**What you will do**: Check each line of the listing for the word "Hotel" and give only the number of lines that have it.

**Data excerpts**:
-.-.-

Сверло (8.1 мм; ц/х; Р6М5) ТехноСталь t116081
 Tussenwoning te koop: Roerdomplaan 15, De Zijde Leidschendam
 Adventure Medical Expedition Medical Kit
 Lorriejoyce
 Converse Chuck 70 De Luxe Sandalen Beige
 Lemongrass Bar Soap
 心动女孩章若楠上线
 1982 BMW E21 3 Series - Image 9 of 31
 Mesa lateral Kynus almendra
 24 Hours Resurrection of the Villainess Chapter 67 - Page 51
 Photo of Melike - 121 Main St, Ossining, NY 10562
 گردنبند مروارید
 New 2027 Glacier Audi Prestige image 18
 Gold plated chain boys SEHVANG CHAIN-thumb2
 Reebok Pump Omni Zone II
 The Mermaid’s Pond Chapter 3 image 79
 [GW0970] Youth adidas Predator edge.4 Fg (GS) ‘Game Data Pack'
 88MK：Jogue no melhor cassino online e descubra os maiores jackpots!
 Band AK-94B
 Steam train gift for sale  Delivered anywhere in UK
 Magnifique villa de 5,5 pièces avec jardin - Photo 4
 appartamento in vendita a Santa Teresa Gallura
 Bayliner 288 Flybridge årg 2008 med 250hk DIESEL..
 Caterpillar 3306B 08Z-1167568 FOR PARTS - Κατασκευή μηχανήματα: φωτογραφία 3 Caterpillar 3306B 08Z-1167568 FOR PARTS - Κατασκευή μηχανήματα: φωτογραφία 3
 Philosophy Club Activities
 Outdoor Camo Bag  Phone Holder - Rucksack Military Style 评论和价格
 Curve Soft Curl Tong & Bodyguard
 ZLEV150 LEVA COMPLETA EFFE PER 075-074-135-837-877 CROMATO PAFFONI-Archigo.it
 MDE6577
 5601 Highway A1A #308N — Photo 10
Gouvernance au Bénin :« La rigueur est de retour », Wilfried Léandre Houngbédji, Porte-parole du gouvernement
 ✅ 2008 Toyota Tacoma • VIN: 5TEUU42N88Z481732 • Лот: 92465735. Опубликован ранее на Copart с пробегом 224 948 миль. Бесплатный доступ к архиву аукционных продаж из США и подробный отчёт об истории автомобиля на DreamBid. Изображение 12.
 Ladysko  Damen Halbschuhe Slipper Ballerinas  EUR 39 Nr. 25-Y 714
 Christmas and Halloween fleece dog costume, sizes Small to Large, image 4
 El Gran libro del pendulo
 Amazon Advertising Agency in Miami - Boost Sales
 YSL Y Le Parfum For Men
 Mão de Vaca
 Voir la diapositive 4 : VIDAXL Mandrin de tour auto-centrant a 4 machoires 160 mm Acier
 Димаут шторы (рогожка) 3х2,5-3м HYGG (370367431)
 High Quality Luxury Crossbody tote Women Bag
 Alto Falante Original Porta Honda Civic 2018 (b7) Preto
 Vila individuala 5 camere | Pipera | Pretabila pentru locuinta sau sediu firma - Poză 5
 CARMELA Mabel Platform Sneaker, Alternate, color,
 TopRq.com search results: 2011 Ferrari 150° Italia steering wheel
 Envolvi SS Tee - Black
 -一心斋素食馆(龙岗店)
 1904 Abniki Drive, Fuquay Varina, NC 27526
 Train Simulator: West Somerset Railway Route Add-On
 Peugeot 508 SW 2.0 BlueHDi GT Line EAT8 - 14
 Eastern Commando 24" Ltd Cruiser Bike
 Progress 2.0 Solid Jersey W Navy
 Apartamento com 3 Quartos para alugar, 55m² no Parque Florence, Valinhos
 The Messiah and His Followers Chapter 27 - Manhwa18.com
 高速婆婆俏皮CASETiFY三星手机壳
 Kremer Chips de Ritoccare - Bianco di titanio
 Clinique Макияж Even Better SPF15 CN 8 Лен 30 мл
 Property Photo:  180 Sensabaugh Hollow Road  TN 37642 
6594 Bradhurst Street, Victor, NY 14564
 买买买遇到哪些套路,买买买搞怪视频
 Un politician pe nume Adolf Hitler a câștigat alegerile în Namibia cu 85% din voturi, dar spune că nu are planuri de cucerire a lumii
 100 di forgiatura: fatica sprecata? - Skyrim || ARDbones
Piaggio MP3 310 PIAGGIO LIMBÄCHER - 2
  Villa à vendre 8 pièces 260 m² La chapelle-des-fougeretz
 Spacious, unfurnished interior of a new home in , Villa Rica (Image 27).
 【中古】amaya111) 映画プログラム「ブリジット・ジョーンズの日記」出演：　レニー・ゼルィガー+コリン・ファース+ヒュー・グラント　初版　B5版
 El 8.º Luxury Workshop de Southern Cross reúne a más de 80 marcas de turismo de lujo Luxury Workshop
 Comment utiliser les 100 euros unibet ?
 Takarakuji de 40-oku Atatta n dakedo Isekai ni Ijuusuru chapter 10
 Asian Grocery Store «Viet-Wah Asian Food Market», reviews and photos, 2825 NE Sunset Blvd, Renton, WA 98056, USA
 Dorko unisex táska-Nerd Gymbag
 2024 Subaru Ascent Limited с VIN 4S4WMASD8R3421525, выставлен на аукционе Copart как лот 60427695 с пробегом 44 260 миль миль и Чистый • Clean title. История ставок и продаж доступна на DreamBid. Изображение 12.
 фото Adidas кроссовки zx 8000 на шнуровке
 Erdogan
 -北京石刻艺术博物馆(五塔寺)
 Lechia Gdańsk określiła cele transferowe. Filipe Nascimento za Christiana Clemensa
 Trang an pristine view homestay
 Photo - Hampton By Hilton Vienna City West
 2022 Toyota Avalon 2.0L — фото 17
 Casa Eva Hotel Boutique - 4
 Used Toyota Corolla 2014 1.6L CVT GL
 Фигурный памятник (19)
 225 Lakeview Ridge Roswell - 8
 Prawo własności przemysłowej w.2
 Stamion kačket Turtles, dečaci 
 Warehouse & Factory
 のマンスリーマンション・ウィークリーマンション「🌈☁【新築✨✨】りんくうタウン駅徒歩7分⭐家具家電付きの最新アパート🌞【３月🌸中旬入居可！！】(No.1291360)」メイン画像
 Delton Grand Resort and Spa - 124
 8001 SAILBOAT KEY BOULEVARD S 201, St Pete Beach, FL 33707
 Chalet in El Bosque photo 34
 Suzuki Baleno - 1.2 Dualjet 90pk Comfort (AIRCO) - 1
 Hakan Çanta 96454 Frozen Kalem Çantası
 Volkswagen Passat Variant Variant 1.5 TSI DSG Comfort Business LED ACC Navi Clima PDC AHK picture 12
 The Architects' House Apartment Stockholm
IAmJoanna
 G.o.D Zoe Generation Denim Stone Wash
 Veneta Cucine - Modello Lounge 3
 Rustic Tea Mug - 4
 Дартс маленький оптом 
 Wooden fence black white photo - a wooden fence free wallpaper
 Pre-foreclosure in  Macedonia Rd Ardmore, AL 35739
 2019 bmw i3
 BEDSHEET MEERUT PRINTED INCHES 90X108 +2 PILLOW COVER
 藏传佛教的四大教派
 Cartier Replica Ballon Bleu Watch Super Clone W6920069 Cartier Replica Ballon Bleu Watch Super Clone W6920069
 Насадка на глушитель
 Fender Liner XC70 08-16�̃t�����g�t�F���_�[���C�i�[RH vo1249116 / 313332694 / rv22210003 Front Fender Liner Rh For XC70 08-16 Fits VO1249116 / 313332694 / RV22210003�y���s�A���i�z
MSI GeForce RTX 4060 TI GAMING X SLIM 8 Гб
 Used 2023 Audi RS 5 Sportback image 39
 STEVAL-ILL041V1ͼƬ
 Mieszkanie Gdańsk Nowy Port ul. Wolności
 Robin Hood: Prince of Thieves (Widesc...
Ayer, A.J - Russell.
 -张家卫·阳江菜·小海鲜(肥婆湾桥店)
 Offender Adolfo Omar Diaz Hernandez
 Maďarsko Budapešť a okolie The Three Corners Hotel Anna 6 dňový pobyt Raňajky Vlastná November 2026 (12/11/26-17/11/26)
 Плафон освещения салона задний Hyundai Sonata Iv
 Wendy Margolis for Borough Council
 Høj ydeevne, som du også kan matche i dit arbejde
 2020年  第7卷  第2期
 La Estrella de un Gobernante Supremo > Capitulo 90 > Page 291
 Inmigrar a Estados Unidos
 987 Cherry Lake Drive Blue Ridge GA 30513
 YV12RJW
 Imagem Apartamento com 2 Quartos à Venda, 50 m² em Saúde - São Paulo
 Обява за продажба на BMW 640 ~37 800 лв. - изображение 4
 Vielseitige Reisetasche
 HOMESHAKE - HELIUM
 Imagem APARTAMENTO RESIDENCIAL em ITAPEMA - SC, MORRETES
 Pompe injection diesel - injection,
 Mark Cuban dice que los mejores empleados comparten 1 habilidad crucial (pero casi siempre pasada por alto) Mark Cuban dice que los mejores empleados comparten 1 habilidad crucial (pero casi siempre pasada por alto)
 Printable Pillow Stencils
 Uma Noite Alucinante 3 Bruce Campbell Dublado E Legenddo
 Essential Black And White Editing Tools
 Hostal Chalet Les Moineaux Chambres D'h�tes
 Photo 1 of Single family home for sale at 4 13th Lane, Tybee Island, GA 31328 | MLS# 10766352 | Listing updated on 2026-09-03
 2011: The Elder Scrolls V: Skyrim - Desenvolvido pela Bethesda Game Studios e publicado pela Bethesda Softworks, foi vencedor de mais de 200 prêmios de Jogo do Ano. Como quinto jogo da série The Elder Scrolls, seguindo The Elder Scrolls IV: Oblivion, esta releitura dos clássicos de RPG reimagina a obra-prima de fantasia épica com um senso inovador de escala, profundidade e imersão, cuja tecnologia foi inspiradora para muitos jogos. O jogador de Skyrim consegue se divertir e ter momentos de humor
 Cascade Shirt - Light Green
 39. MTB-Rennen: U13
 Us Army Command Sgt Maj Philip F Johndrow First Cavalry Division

-.-.-

**Exercise solution**: 2